Birmingham Gardens (/ˈbɜːrmɪŋhæm/ BUR-ming-ham) is a suburb of Newcastle, New South Wales, Australia, bordering the University of Newcastle 11 km west-northwest of Newcastle's central business district. It is part of the City of Newcastle local government area.

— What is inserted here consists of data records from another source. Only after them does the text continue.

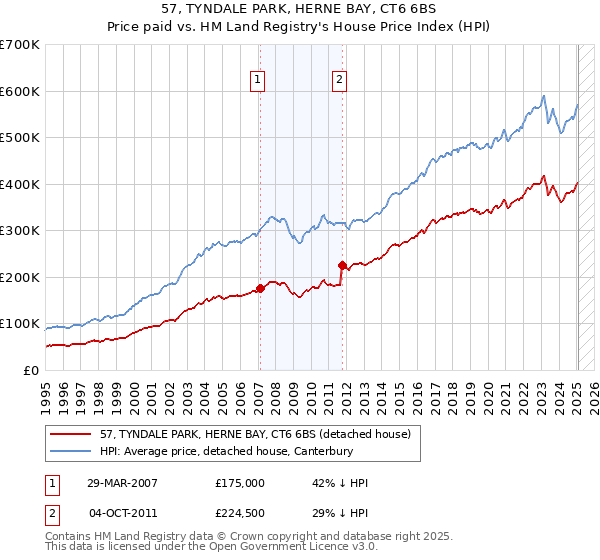 57, TYNDALE PARK, HERNE BAY, CT6 6BS: Price paid vs HM Land Registry's House Price Index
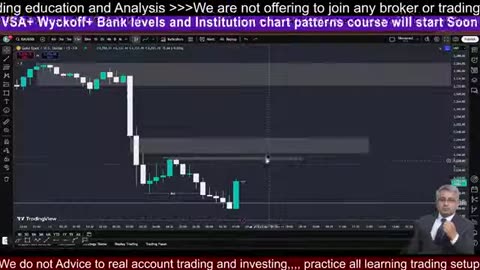 BTC Outlook Bullish Run #BTC #crypto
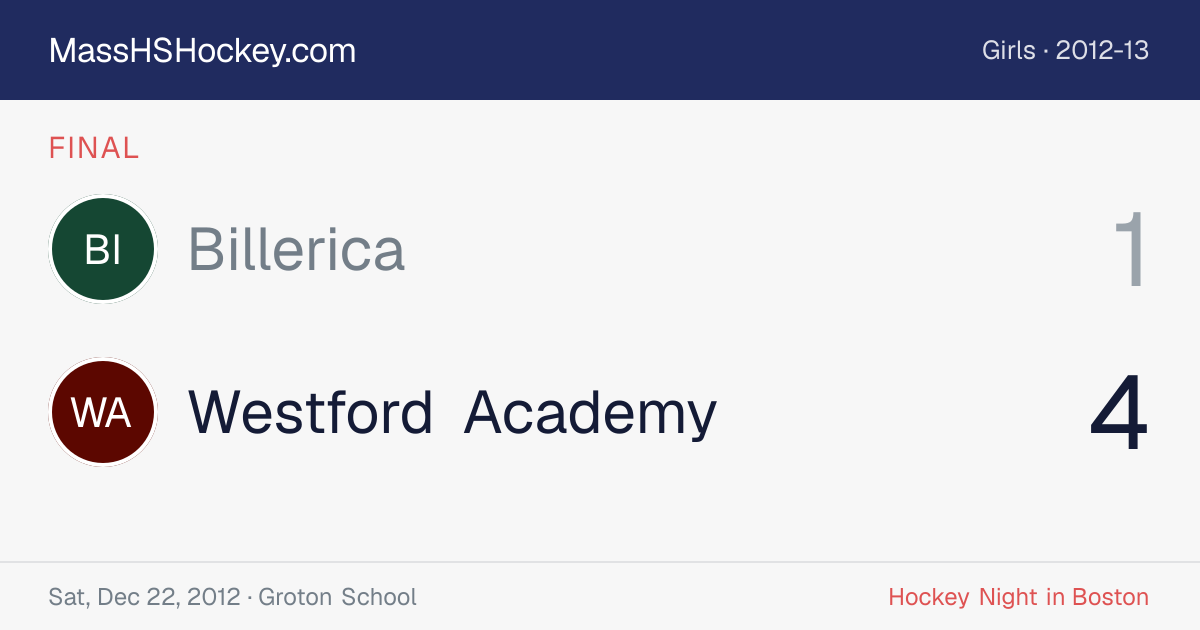 Billerica at Westford Academy score card
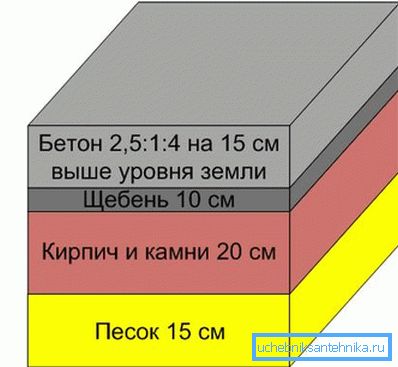 Ünitenin temelinin şeması. Ünitenin temelinin şeması.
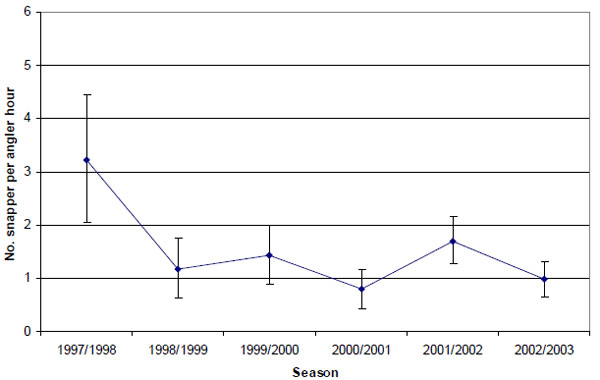Graph: Figure 7. Estimated mean release rate (&amp;plusmn; 2 s.e.) of snapper by anglers contributing to the Fishing Diary Program who targeted snapper in Port Phillip Bay (1997-2003)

Birmingham Gardens had a population of 2,376 in 2016.

==Origins==
The Birmingham Gardens area was first subdivided in the 1930s. The area was expanded in the 1960s with the price of land being the attraction. The name Birmingham Gardens was given by Mr.T.M.Burke who originally subdivided the area after the English town of Birmingham. Originally owned by Newcastle Wallsend Coal Co & sold to Commonwealth Oil Refineries.

==Today==
Birmingham Gardens, residents include a majority of people aged over 55 and a number of university students renting near the University of Newcastle. A few families now live in Birmingham Gardens. Birmingham Gardens also has Harold Myers Park which includes play equipment.